NaN on arm server

I get NaN on arm server when training / predicting using dl4j 1.0.0.-SNAPSHOT compiled from GitHub - KonduitAI/deeplearning4j: Eclipse Deeplearning4j, ND4J, DataVec and more - deep learning & linear algebra for Java/Scala with GPUs + Spark.
The enviroment is same with Run on ARM cpu server and Compiling on ARM .
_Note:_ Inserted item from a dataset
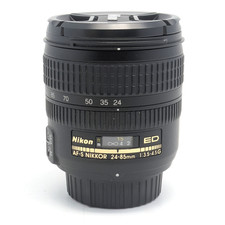 Nikon nikkor 24 85mm - nikon,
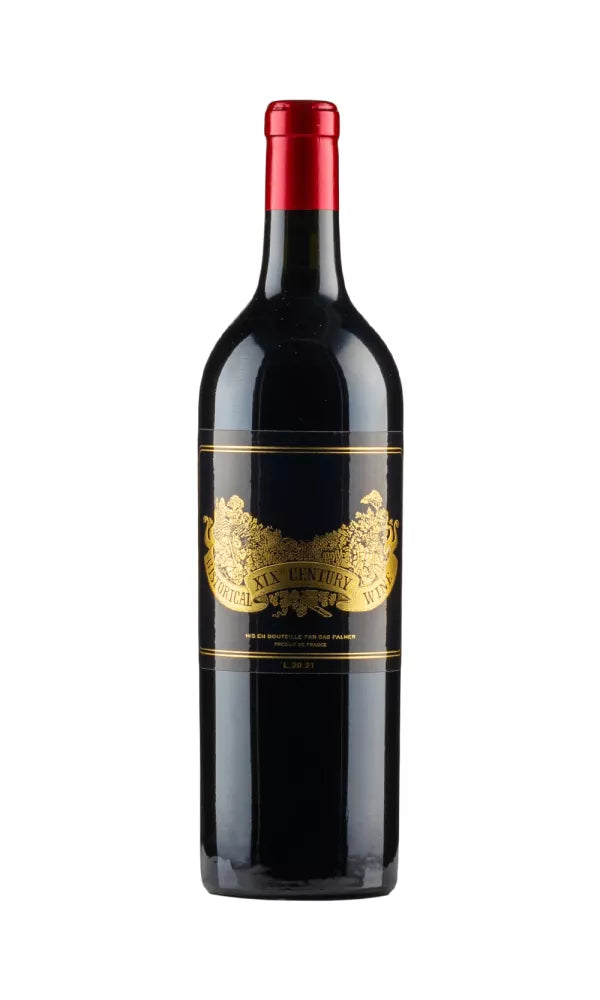 2021 | Château Palmer | Historical XIXth Century Wine at CaskCartel.com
Here’s a simple program that caculate the sum of x and y. It can predict the sum result (x + y = [[0.5550]]) on windows using dl4j beta6, and predict NaN on arm server using dl4j 1.0.0.-SNAPSHOT.

Add this code

Nd4j.getExecutioner().setProfilingMode(OpExecutioner.ProfilingMode.NAN_PANIC);

and get the error infomation:

Warning: Versions of org.bytedeco:javacpp:1.5.2 and org.bytedeco:openblas:0.3.9-1.5.3-SNAPSHOT do not match.
[WARNING]
org.nd4j.linalg.exception.ND4JOpProfilerException: P.A.N.I.C.! Op.Z() contains 30 NaN value(s):
at org.nd4j.linalg.api.ops.executioner.OpExecutionerUtil.checkForNaN (OpExecutionerUtil.java:61)
at org.nd4j.linalg.api.ops.executioner.OpExecutionerUtil.checkForAny (OpExecutionerUtil.java:65)
at org.nd4j.linalg.api.blas.impl.BaseLevel3.gemm (BaseLevel3.java:77)
at org.nd4j.linalg.api.ndarray.BaseNDArray.mmuli (BaseNDArray.java:3156)
at org.deeplearning4j.nn.layers.BaseLayer.preOutputWithPreNorm (BaseLayer.java:316)
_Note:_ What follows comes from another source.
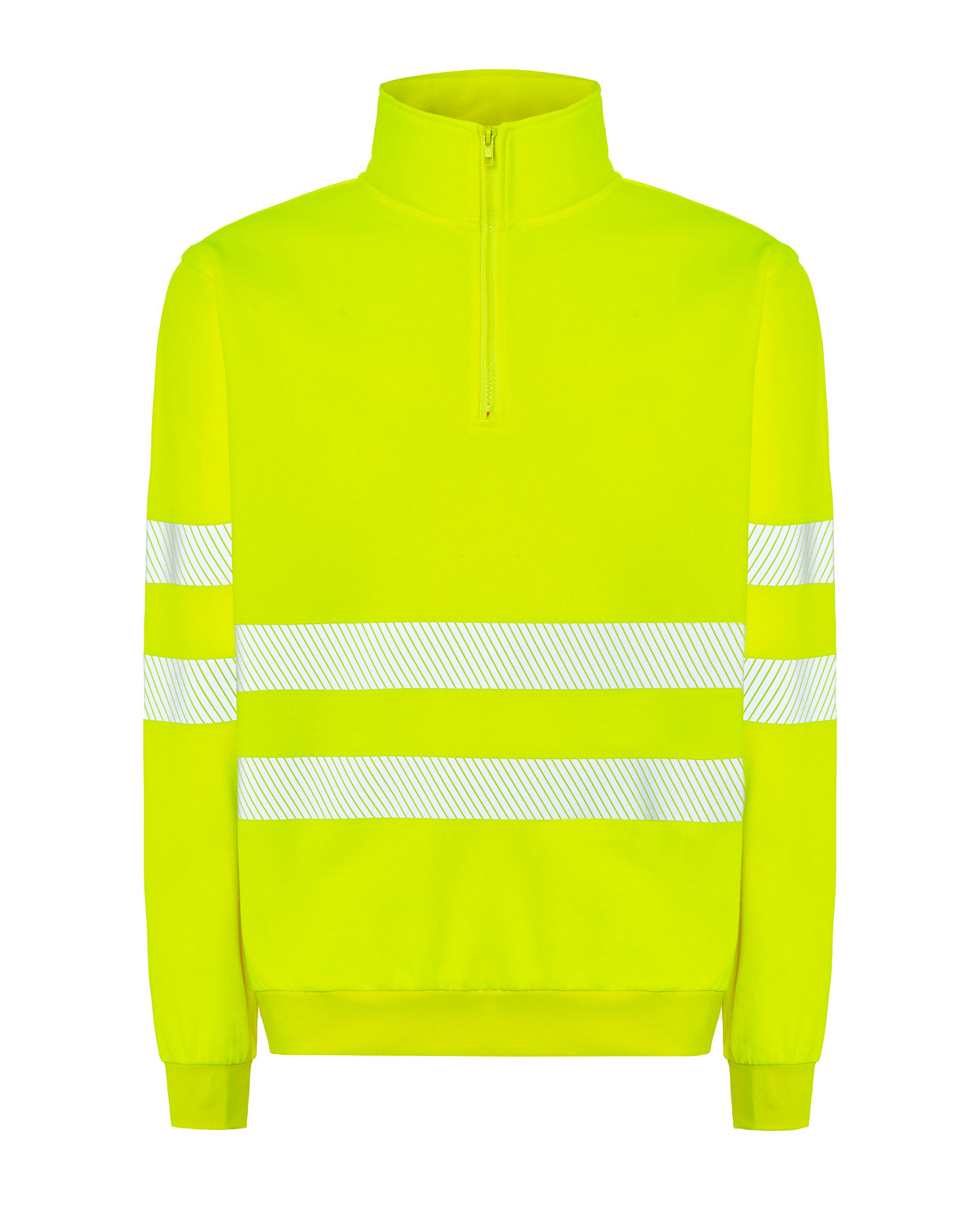 Sudadera Media Cremallera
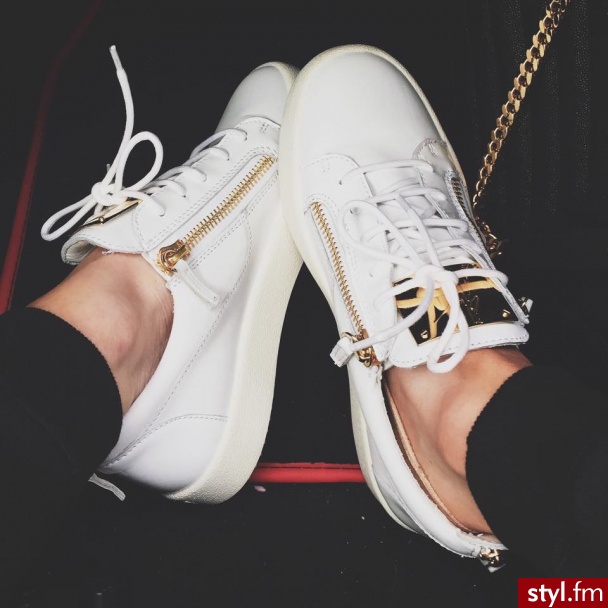 Sportowe Buty Moda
After changing version 1.5.2 to 1.5.3, i get new error:

[WARNING]
org.nd4j.linalg.exception.ND4JOpProfilerException: P.A.N.I.C.! Op.Z() contains 30 NaN value(s):
at org.nd4j.linalg.api.ops.executioner.OpExecutionerUtil.checkForNaN (OpExecutionerUtil.java:61)
at org.nd4j.linalg.api.ops.executioner.OpExecutionerUtil.checkForAny (OpExecutionerUtil.java:65)
at org.nd4j.linalg.api.blas.impl.BaseLevel3.gemm (BaseLevel3.java:77)
at org.nd4j.linalg.api.ndarray.BaseNDArray.mmuli (BaseNDArray.java:3156)
at org.deeplearning4j.nn.layers.BaseLayer.preOutputWithPreNorm (BaseLayer.java:316)
at org.deeplearning4j.nn.layers.BaseLayer.preOutput (BaseLayer.java:289)
at org.deeplearning4j.nn.layers.BaseLayer.activate (BaseLayer.java:337)
at org.deeplearning4j.nn.layers.AbstractLayer.activate (AbstractLayer.java:257)
at org.deeplearning4j.nn.multilayer.MultiLayerNetwork.ffToLayerActivationsInWs (MultiLayerNetwork.java:1132)
at org.deeplearning4j.nn.multilayer.MultiLayerNetwork.computeGradientAndScore (MultiLayerNetwork.java:2750)
at org.deeplearning4j.nn.multilayer.MultiLayerNetwork.computeGradientAndScore (MultiLayerNetwork.java:2708)
at org.deeplearning4j.optimize.solvers.BaseOptimizer.gradientAndScore (BaseOptimizer.java:170)
at org.deeplearning4j.optimize.solvers.StochasticGradientDescent.optimize (StochasticGradientDescent.java:63)
at org.deeplearning4j.optimize.Solver.optimize (Solver.java:52)
at org.deeplearning4j.nn.multilayer.MultiLayerNetwork.fitHelper (MultiLayerNetwork.java:2309)
at org.deeplearning4j.nn.multilayer.MultiLayerNetwork.fit (MultiLayerNetwork.java:2267)
at org.deeplearning4j.nn.multilayer.MultiLayerNetwork.fit (MultiLayerNetwork.java:2330)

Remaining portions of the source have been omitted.